Una de las cosas grandes que tiene mi casa es que está muy cerca de Monvínic. No digo más. Me siento un privilegiado cuando aparco y en un suave paseo de 10 minutos puedo llegar a, quizás, uno de los mejores bares (restaurante diría yo) de vino por copas del mundo. Tras las vacaciones, en un mediodía muy tranquilo, soleado y con esas nubes en el cielo que tanto me gustan, recortadas por la tijera de la lluvia y del fresco de la noche anterior, volví. Para saludar a los amigos que trabajan allí; para charlar con ellos en la distensión que da un servicio siempre exigente pero ese día escaso; para comer muy a gusto y para elegir los vinos que mejor casaran con lo que me apetecía. Por supuesto, también para dejarme sorprender por esas medias copas que, con total complicidad y aquella media sonrisa, te van pasando como diciendo "verás cómo te sorprende esto". El ambiente de trabajo sigue siendo formidable y el trato e intercambio de informaciones, ideas, últimas noticias sobre descubrimientos o cosas que han sorprendido, el de siempre: extraordinario. Es un proceso de constante aprendizaje.

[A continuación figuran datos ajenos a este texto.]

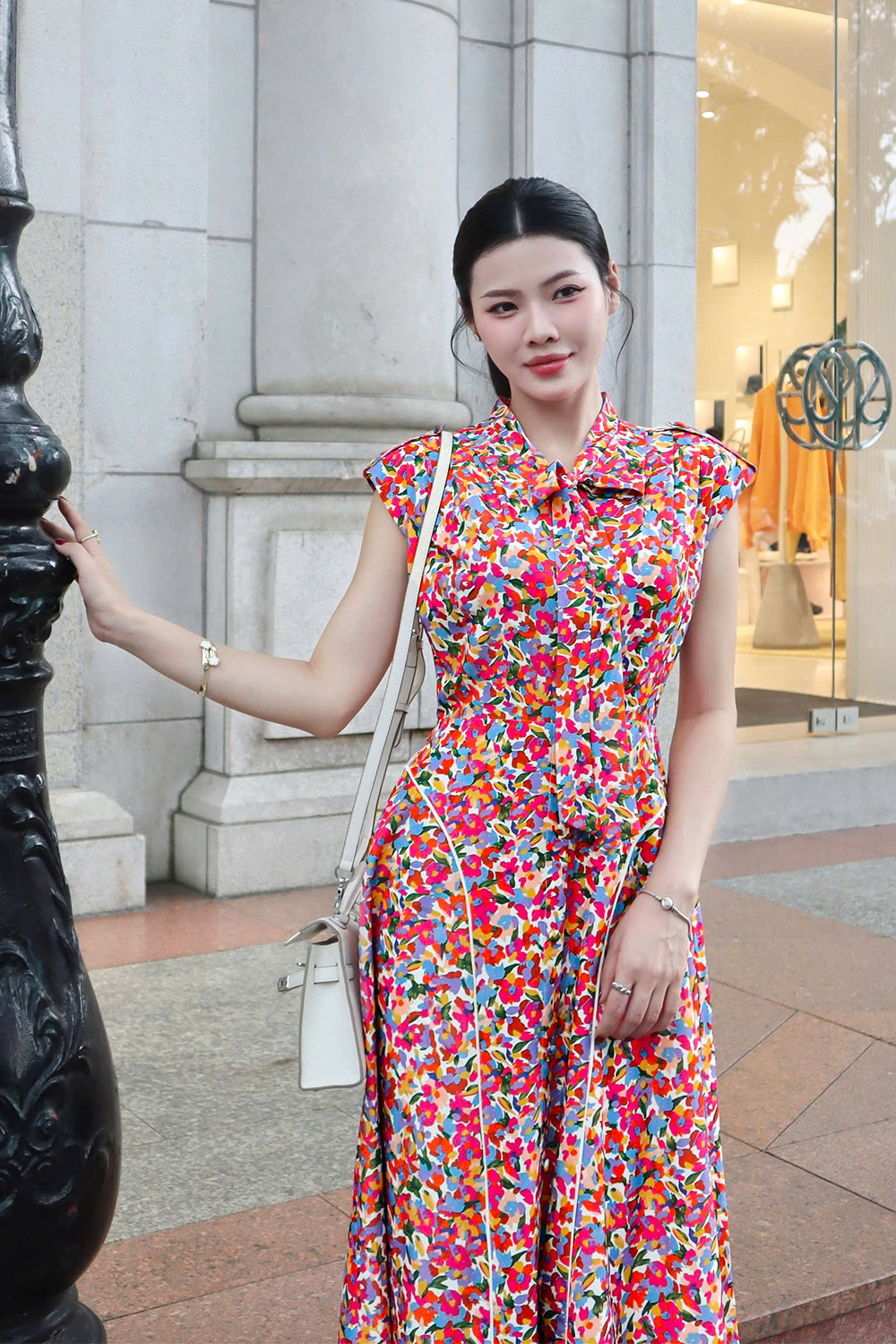 Đầm hoa nhiều màu dáng dài cổ phối nơ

A ratos, parece como si la gente, en Barcelona, no hubiera entrado todavía en esa fantástica mezcla que son (en las mesas de entrada del, propiamente, bar de vinos) los platillos acompañados de un par de medias copas. Es una fórmula imbatible en la ciudad, por calidad y por precio. Tomarte, por ejemplo, un conejo de Baldomar con alcaparras y bogavante con una media copa del Nuits-St-George, Clos de la Marechàle 2005, de J.-F.Mugnier te sale por 16 euros. A mí, eso me impresiona y cuando puedo hacer una "escapada" de estas al mediodía, (trabajo fuera de Barcelona), acabo como en Babia. De todas formas, abrí mi temporada en Monvínic con algún argumento más. Empecé con lo que, vagamente, describe la foto: una impresionante esqueixada de bacalao, de tersura y volumen vibrantes, fresca, con garbanzos de mi tierra (Alta Anòia), pequeños y contundentes de sabor, y una mezcla de albahaca, salvia y menta, delirante. Acompañó un Mersault de Les Tillets, 2006, del Domaine Roulot. Estuvo bastante tímido y cerrado, aunque con gran entereza y frescor en boca. Necesita tiempo. La primera sorpresa, que idearon entre Antonio y Ramiro, se comió el Roulot a pedacitos: un Fiano d'Avellino 2004 de Villa Diamante. Es un fiano enorme, quizás el más profundo que haya probado jamás, con una capacidad enorme para envejecer. Está, ahora mismo, entre los grandes blancos de Italia, sin duda. Mineralidad de yesca, todos los aromas del monte en su interior, castañas recién cogidas. Enorme y con una evolución en copa de más de una hora.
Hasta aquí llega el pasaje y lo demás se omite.